Why buyers resist low pegs: Receiving a business with inadequate working capital creates an immediate cash crisis. The buyer needs operating capital to pay employees, cover rent, and fulfill orders in the first weeks of ownership — before new receivables are collected.
For how NWC interacts with the LOI, see letter of intent to buy a business and the financial due diligence checklist.
How the Peg Is Set
The NWC peg is typically set at the trailing 12-month average NWC — a snapshot of what the business has historically carried to operate normally. The logic: neither party should benefit or be harmed by a fluctuation in working capital relative to historical norms.
How to calculate the peg:
1. Request monthly balance sheets for the last 12 months (or at minimum, 12 months of accounts receivable aging and accounts payable aging) 2. Calculate NWC for each month: (Cash + Accounts Receivable + Inventory + Prepaid Expenses) − (Accounts Payable + Accrued Liabilities + Current Portion of Debt) 3. Average the 12 monthly NWC figures 4. That average becomes the peg
What to include in NWC: Operating current assets and liabilities. Typically includes: cash (often set to zero — buyers don't buy cash, it stays with the seller), trade receivables, inventory, and accrued payables. Typically excludes: transaction-related costs, tax liabilities, debt, and owner distributions.
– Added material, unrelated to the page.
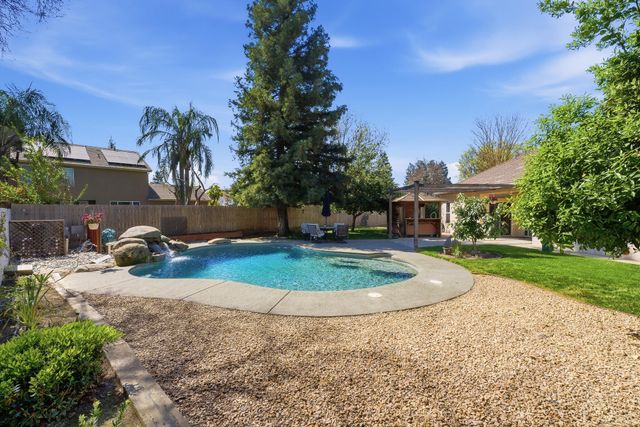 4111 W Redding Avenue, Visalia, CA 93277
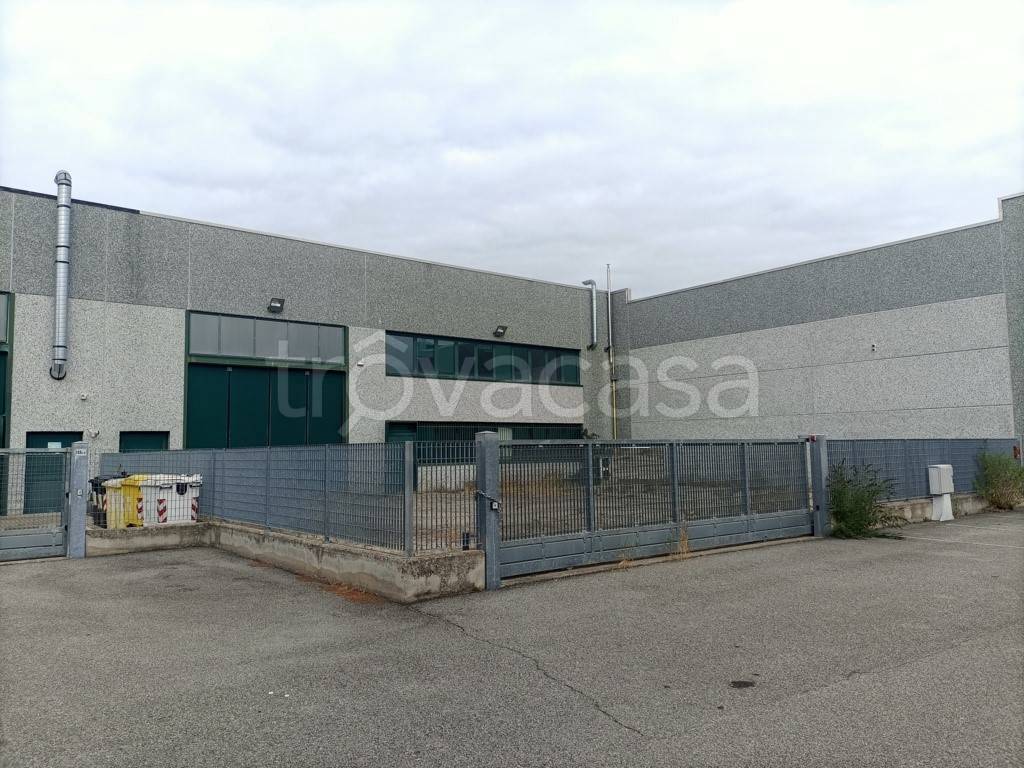 Capannone Industriale in vendita a Volpiano via Brandizzo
Common peg negotiating positions: Sellers often argue for a peg based on the most recent month-end (which they can optimize before the LOI). Buyers should insist on the 12-month average. Seasonally affected businesses should use 12 months regardless — if inventory peaks in Q4 and the deal closes in Q1, a single-month peg would shortchange the buyer.
Seasonality adjustment: For businesses with significant seasonal swings, a 12-month average may not reflect what the business needs at the specific close date. Some deals use a "target month" — what the business historically carries in the close month — rather than the simple annual average.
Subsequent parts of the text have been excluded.